Linda F. McCallum, Judge.
May 2, 2019
PER CURIAM.
Jonathan Wright appeals an order denying his motion for
postconviction relief. While we find no error in most of the trial
court’s disposition, we agree with Mr. Wright that the court’s
record attachments do not refute his claim of entitlement to
additional jail credit.
In 1985, Jonathan Wright was sentenced for two counts of
attempted second-degree murder, four counts of armed robbery,
and three counts of attempted armed robbery. In 2007, he was re-
sentenced following this court’s decision in Wright v. State, 941 So.
538 (Fla. 1st DCA 2006).
In the instant motion, Mr. Wright contended that while
awaiting re-sentencing he was held in Duval County Jail from May
29, 2007 until November 22, 2007. He claimed that he was entitled
to jail credit for this time. The trial court denied relief, finding that
the motion was legally insufficient, and that Mr. Wright was not
entitled to the credit on the merits.
We disagree with the court’s conclusion that the motion was
legally insufficient. Criminal defendants are entitled to credit for
time spent in county jail awaiting re-sentencing. Middleton v.

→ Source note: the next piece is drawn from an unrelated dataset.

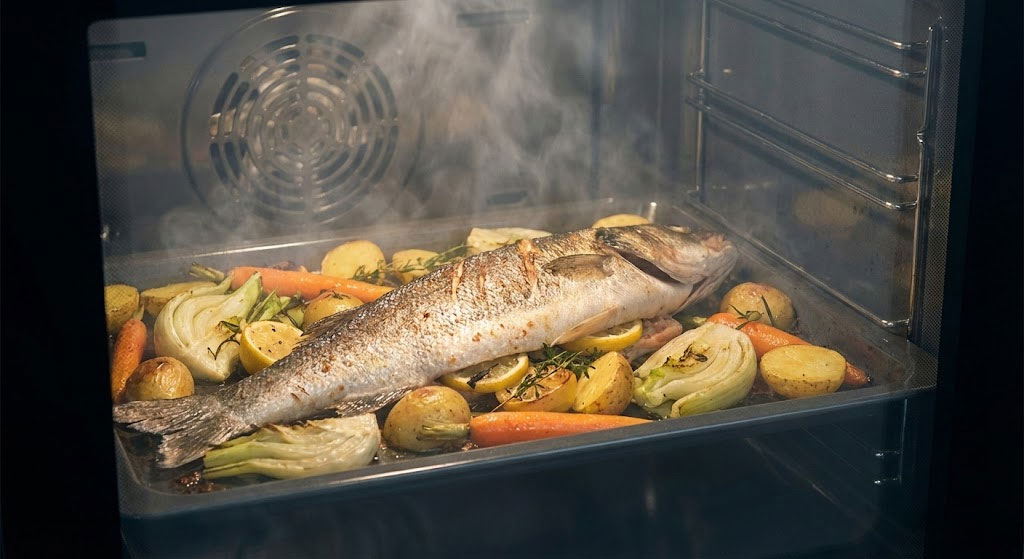 Khay cá và rau củ trong lò nướng kết hợp hấp tạo độ mềm mọng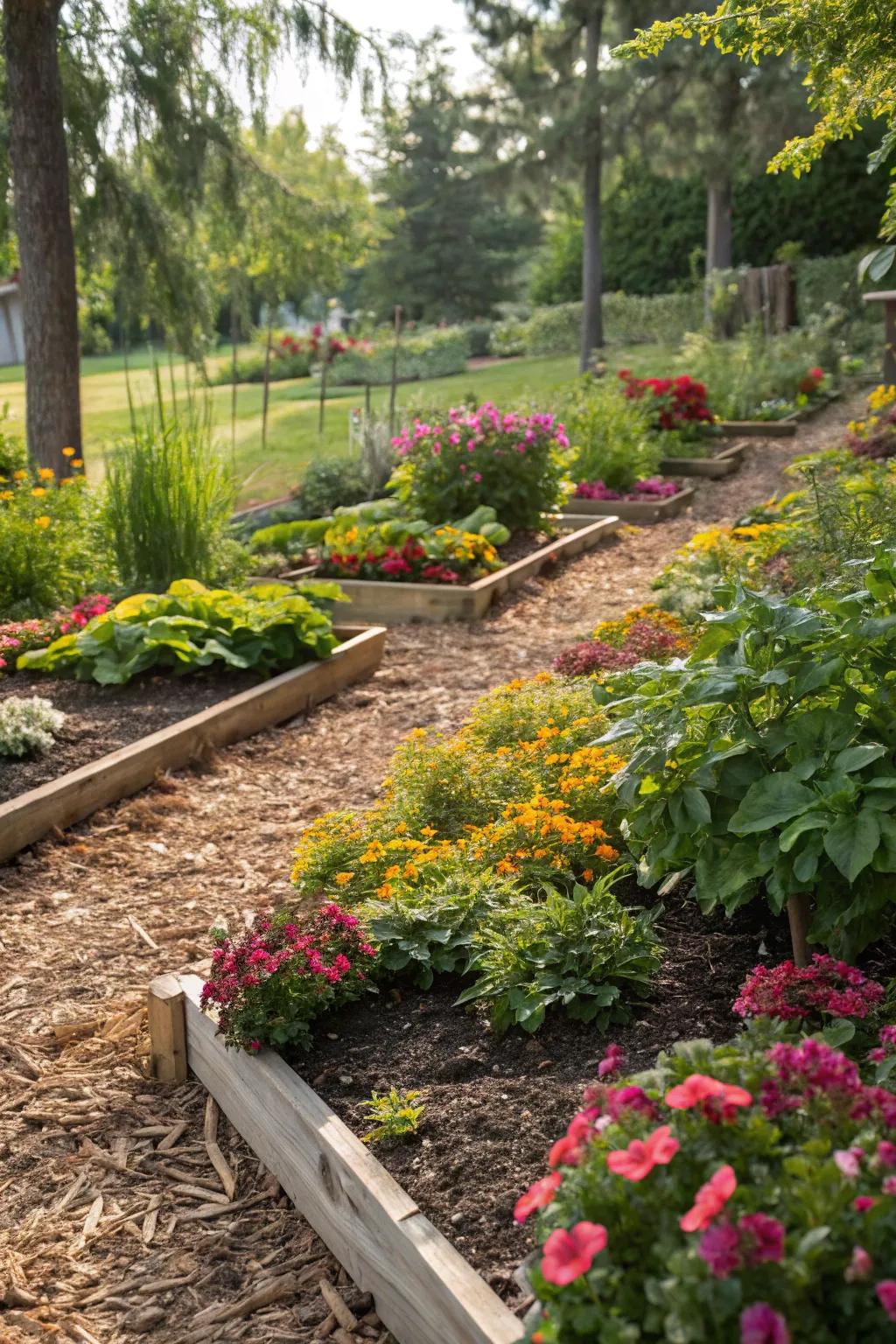 Mulch provides both functionality and aesthetic appeal in garden beds.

State, 213 So. 3d 963 (Fla. 1st DCA 2015). And Mr. Wright’s motion
alleged everything that was required pursuant to Florida Rule of
Criminal Procedure 3.801. The record attachments do not
conclusively refute his jail credit claim. See McIntosh v. State, 146
So. 3d 1291 (Fla. 1st DCA 2014) (“Rule 3.801(e) . . . requires the
circuit court to attach to its order denying a motion seeking
additional jail credit records that conclusively refute the motion.”).
On remand, the court should grant relief, unless the jail
and/or prison records show that Mr. Wright received the credit due
for the time he spent in jail from May 29, 2007 until November 22,
2007. If the court denies relief, it must include record attachments
showing that the defendant is not entitled to relief for this period
of time.
Accordingly, we AFFIRM in part, REVERSE in part, and
REMAND for further proceedings not inconsistent with this opinion.
B.L. THOMAS, C.J., and ROBERTS and OSTERHAUS, JJ., concur.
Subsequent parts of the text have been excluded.